------ Input for this task

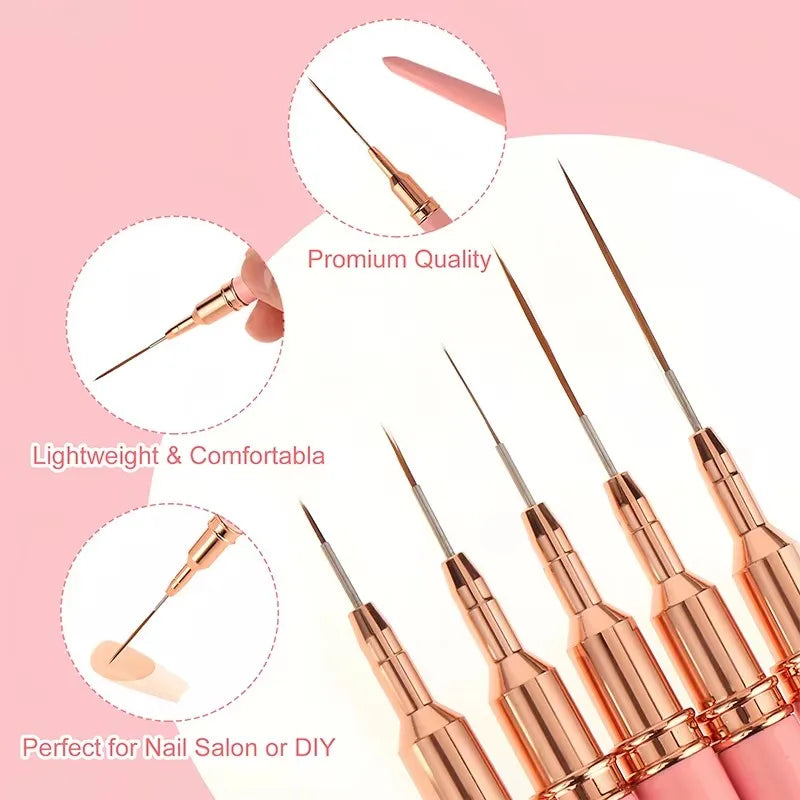 5pcs Nail Art Liner Brush Set – UV Gel Nail Art Brushes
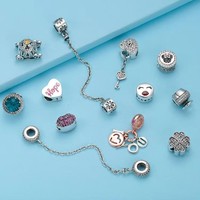 Pan Charms Zilver Rode Ooievaar Kraan Flamingo Vogel Hart Tag Love Forever Bead Fit Originele Armband Sieraden Valentijnsdag Berluque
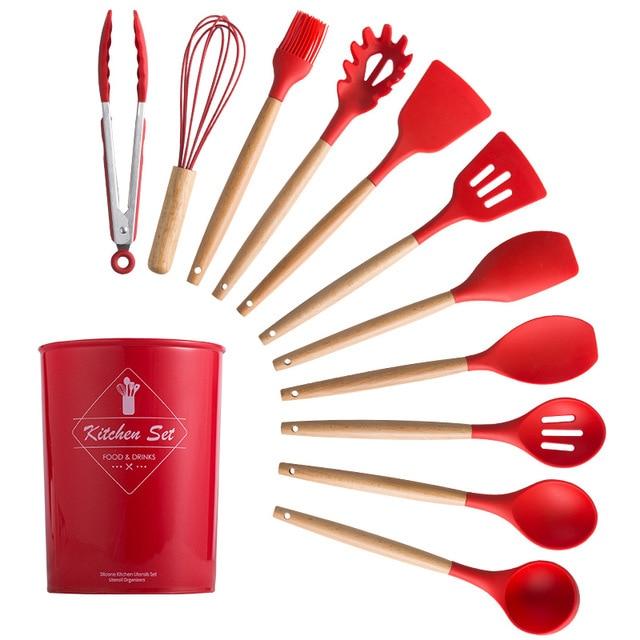 12PCS Silicone Cooking Kitchen Utensils Set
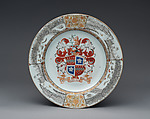 Plate, Hard-paste porcelain, Chinese, for British market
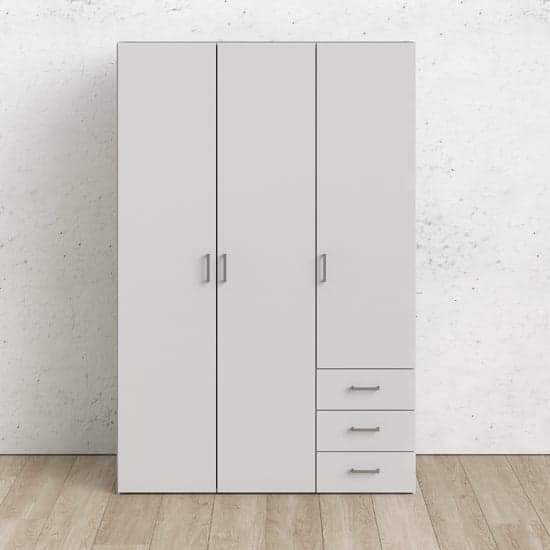 Scalia Wooden Wardrobe In White With 3 Doors And 3 Drawers_2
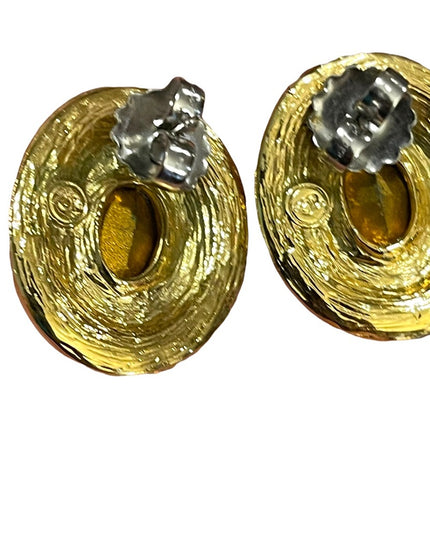 - Vintage Oscar De La Renta 1980s Crystal earrings gold finish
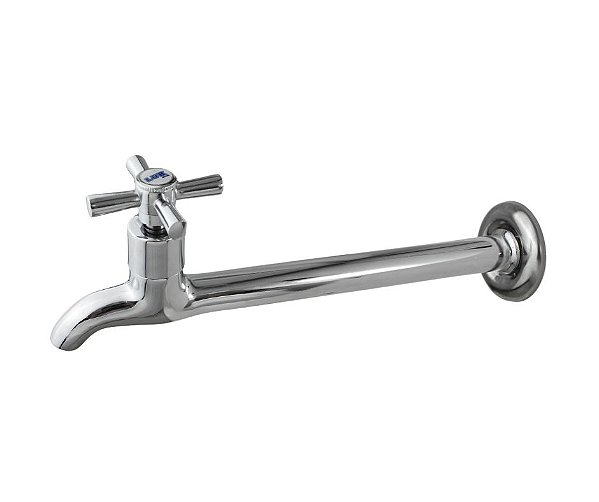 Torneira Cozinha Pia Parede Metal Cromado Reta Longa 18 Cm Para Áreas de Serviço e Lazer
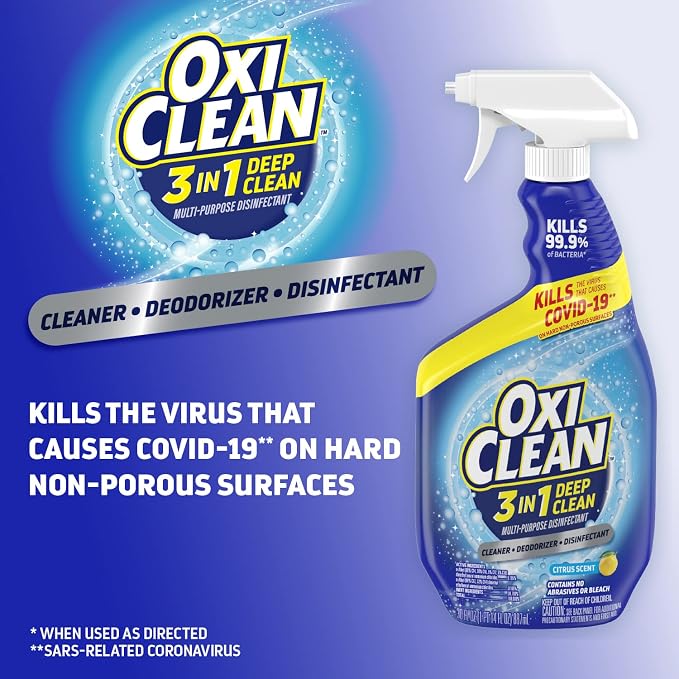 OxiClean 3-in-1 Deep Clean Multi-Purpose Disinfectant, 30 oz (Pack of 2)
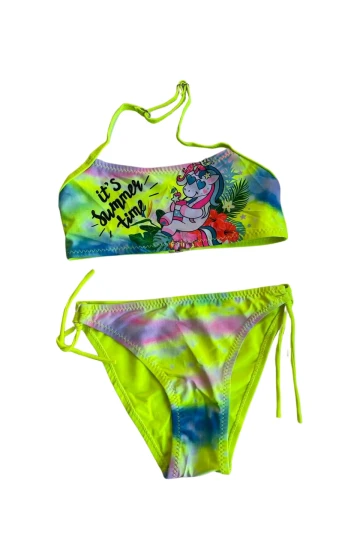 Kız Çocuk Neon Sarı Desenli  2-8 Yaş Straplez Bikini Takım HZL24S-LC3652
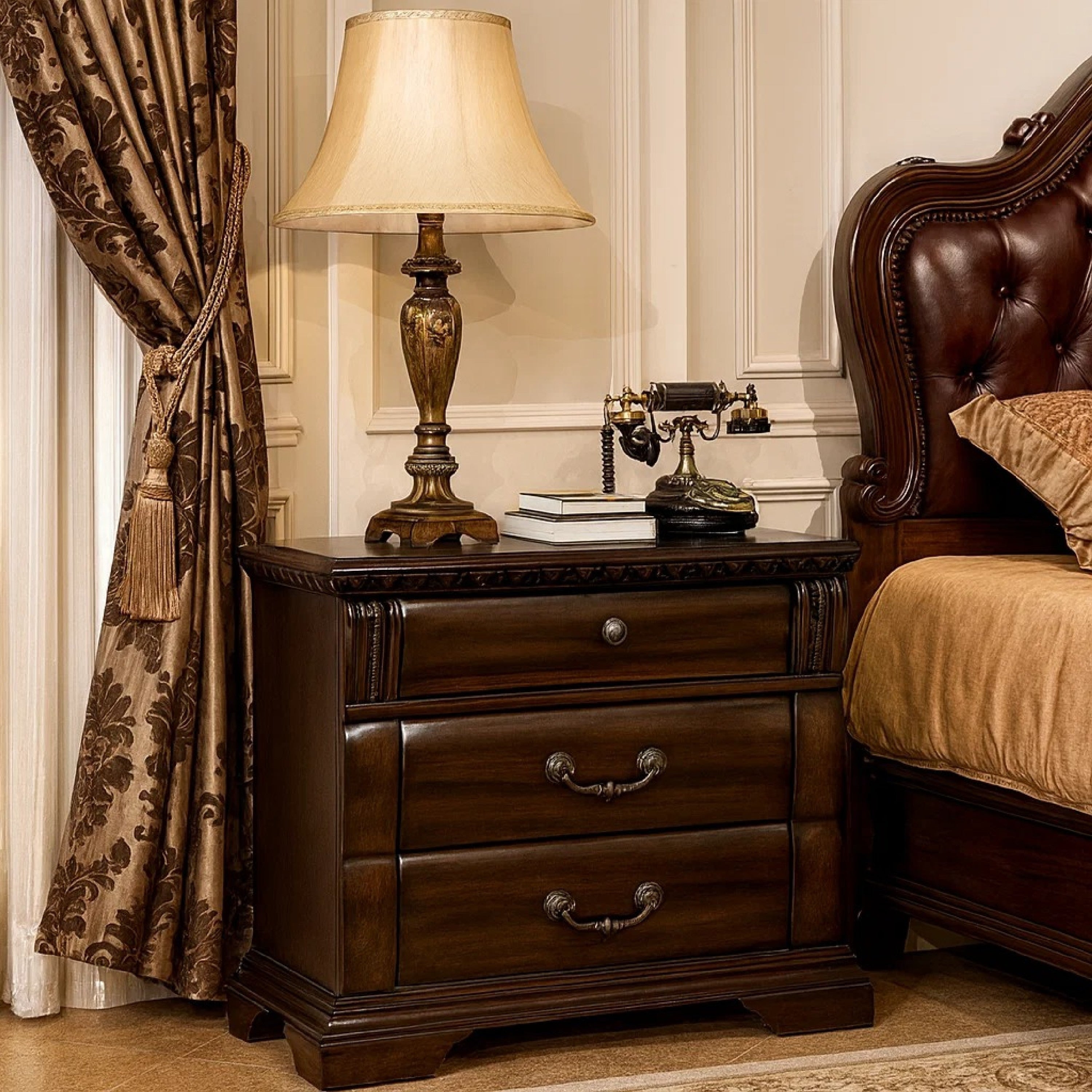 Burleigh Transitional Night Stand In Cherry Finish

------------

What the task requires
Please print the line that contains "Plate, Hard-paste porcelain, Chinese, for" along with every later line of the material, exactly, through the last one. Leave pictures out of the copy.

Written response
 Plate, Hard-paste porcelain, Chinese, for British market
 Scalia Wooden Wardrobe In White With 3 Doors And 3 Drawers_2
 - Vintage Oscar De La Renta 1980s Crystal earrings gold finish
 Torneira Cozinha Pia Parede Metal Cromado Reta Longa 18 Cm Para Áreas de Serviço e Lazer
 OxiClean 3-in-1 Deep Clean Multi-Purpose Disinfectant, 30 oz (Pack of 2)
 Kız Çocuk Neon Sarı Desenli  2-8 Yaş Straplez Bikini Takım HZL24S-LC3652
 Burleigh Transitional Night Stand In Cherry Finish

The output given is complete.